Passing through a communicating door, the visitor enters the original Transept chapels - now for the time being, combined to form one chapel of which the most distinguished feature is the fine groined roof. This again shows vestiges of polychrome decoration, and it requires quite an effort of the imagination to clothe the present-day stone with the brilliant colour that it must once have borne. In these two aisles there is also the same contrast between the plain treatment of the north and the decorativeness of the south that we saw in the Transepts themselves, and in the later work of the south aisle there is a wealth of interest and excitement in the unexpectedly vivid carving and ornamentation of the architectural detail. The east walls of these aisles must originally have formed the reredos behind the altars of the side chapels, and it is no surprise therefore to find faint survivals of mural decorations here too; at the south-east corner the subject matter can perhaps be identified as a portrayal of St. John the Baptist.

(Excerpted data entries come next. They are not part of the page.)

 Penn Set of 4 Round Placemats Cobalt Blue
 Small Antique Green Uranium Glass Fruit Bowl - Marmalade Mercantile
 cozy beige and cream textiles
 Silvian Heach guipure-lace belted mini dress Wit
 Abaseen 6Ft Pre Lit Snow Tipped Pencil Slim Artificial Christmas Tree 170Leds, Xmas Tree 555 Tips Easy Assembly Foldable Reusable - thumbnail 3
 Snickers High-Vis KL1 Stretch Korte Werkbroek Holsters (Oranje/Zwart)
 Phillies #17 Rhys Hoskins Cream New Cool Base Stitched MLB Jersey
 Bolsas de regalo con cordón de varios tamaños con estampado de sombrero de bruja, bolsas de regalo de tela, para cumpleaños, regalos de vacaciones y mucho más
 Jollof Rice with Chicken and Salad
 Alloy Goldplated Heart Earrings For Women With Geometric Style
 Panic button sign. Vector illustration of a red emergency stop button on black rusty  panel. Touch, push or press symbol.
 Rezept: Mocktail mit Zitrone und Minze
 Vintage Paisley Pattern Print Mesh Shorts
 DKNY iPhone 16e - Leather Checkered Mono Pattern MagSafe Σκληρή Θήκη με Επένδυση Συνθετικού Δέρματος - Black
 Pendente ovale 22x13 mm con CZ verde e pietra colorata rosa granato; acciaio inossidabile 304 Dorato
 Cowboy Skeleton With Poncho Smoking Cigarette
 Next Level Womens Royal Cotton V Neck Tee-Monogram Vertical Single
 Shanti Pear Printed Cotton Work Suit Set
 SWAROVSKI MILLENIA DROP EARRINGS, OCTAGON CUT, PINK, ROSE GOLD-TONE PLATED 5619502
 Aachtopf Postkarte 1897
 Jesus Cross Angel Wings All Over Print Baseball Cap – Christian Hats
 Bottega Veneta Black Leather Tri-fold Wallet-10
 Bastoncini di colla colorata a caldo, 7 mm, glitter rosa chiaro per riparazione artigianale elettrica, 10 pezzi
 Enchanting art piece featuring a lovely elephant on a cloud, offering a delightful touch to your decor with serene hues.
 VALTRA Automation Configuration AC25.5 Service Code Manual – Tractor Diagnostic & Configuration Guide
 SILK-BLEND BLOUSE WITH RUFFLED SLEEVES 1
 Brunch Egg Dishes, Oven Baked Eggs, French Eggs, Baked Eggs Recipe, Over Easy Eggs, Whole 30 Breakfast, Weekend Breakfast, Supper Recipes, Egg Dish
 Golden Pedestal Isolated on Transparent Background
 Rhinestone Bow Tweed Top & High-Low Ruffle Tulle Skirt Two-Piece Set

At this south end of the Transept Aisles a squint allows a view of the altar of the Lady Chapel and may have been inserted here after the fire of 1390. The walls of this squint also are covered with fresco and the small columns on either side are worthy of notice for their curious asymmetry, two having plain capitals, another carved with foliage and the fourth with the figures of two angels.
Before we leave the aisles we should notice the fine stained glass window on the themes of The Visitation and The Lamb of God.